Cop dramas may be a dime a dozen, but David Ayer’s End of Watch is one of a kind: The picture is by turns clever, compelling and unconscionable, so artful in its artifice that sometimes it almost fools you into believing that it’s reality.
That’s the point: This story of two young Los Angeles police officers who run afoul of a Mexican drug cartel is told through faux found footage, shot by the cops themselves as they patrol one of the roughest parts of the city. We see these guys, played by Jake Gyllenhaal and Michael Peña, horsing around in the patrol car one minute and busting down doors the next. Some of the horrors they encounter — two young children locked in a closet and bound with duct tape, a crackhead’s babysitting technique — are so unsettling these young cops can barely fathom them.

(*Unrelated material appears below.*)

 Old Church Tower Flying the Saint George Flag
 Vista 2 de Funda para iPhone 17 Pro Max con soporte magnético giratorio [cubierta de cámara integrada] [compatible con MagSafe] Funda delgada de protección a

Unfortunately for them, and for us, things get worse, and the scale of horror and violence escalates. Meanwhile, Gyllenhaal and Peña experience, and yak about, so many of life’s pleasures and annoyances: Peña speaks glowingly of married life, and looks forward to the birth of his first child. (His wife is played, in a small but lively turn, by Natalie Martinez.)
Gyllenhaal thinks he’s finally met the girl of his dreams – she’s played by Anna Kendrick — and, in between cracking occasional benign off-color jokes, earnestly asks his partner for advice. These are the finest scenes in the movie, places where the actors get to build their characters layer by layer.